Last month’s powerful earthquake in New Zealand caused a multitude of bizarre occurrences and phenomena. Entire new valleys and gorges were carved by the tremor, and the earthquake was even powerful enough to lift the entire sea floor two meters, altering the island nation’s coastline forever and creating new land masses. As with many recent earthquakes, the ground had hardly stopped shaking before speculation began swirling that some sinister or mysterious force was behind the seismic activity.
Now, weeks after the earthquake, strange events continue to occur in New Zealand. Most recently, a bizarre, freakish-looking object washed ashore on Muriwai Beach near Auckland which has puzzled residents and scientists alike. Local residents posted images of the object to a community Facebook group, which has since dubbed the object the “Muriwai Monster.”

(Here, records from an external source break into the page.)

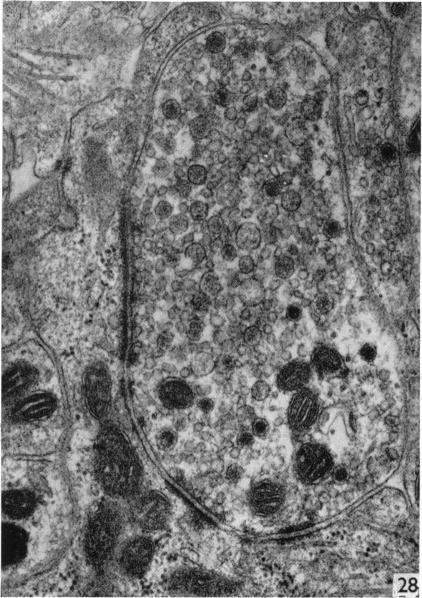 https://cdn.ncbi.nlm.nih.gov/pmc/blobs/fa1c/1271115/06262f44c482/janat00323-0088-c.jpg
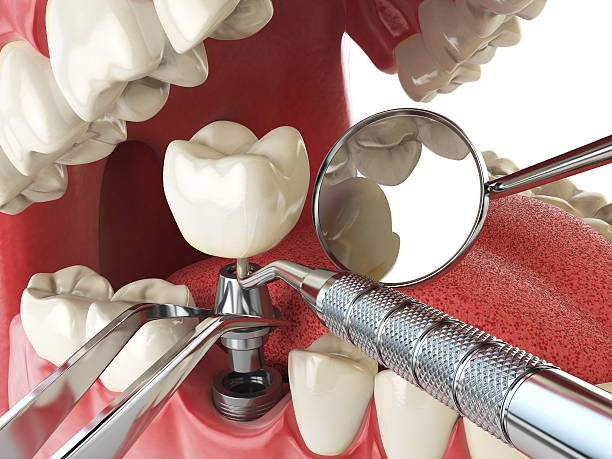 Best Walk-In Emergency Dentist in Lakewood, IL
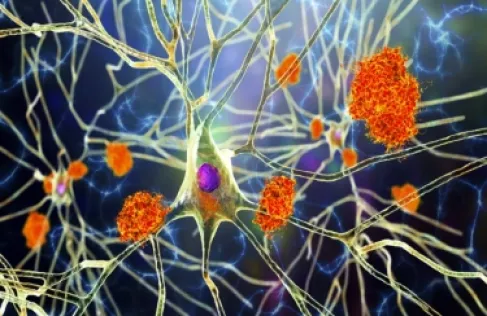 اكتشاف سبب تدهور الذاكرة السريع لدى مرضى ألزهايمر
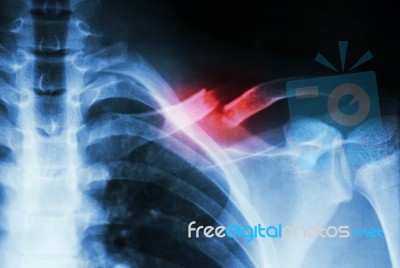 Fracture Left Clavicle Stock Photo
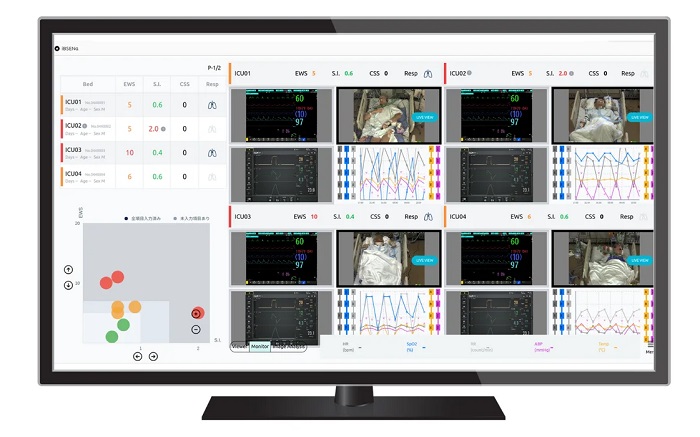生体看視アプリケーション「iBSEN DX(イプセンディーエックス)」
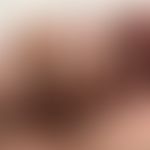 Kleines Hämatom am Ringfinger bei bekannter Thrombozythämie

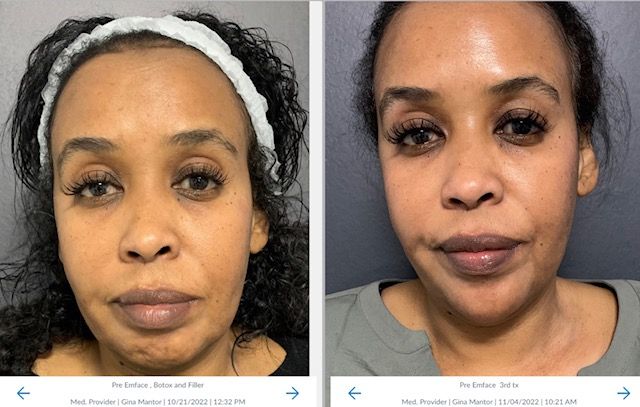Dr. Mantor's Wrinkle and Weight Solutions, LLC - Westerville, Oh - Medical spa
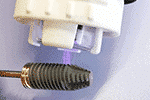 Plasma treatment of implants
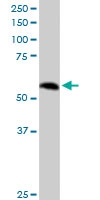 PAB6073 - PPP2R5A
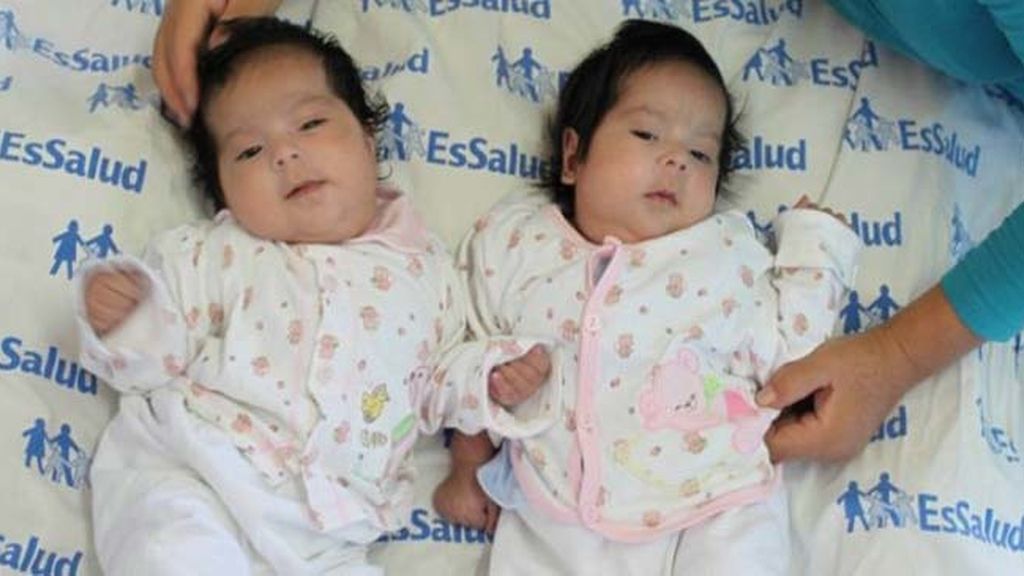 Separan con éxito a unas siamesas en Perú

Muriwai resident Rani Timoti said the reeking, barnacle-covered mass was unlike anything she’s seen in all her years combing the beach:
This is the biggest one I've seen. It's got a putrid smell when you're downwind and when you look closely, it looks like wiggling worms.
The entire surface of the hulking mass is covered in what appears to be deadlocks, but are actually a type of filter-feeding crustacean known as gooseneck barnacles. Possible explanations for the object offered on the Facebook group ranged from a rotted whale carcass, a “sea monster with dreadlocks," a “beach Christmas tree” (whatever that is), a Maori canoe and even an “alien pod time capsule.”
However, many sources have speculated that the most plausible explanation is that the Muriwai Monster is merely a mass of driftwood shaken loose from the sea floor by last month’s earthquake. Whatever the Muriwai Monster is, the bizarre beached behemoth is already attracting scores of visitors hoping to see the “monster” up close. Now that the Lord of the Rings movies have wrapped, they’ve gotta make up that tourism revenue somehow.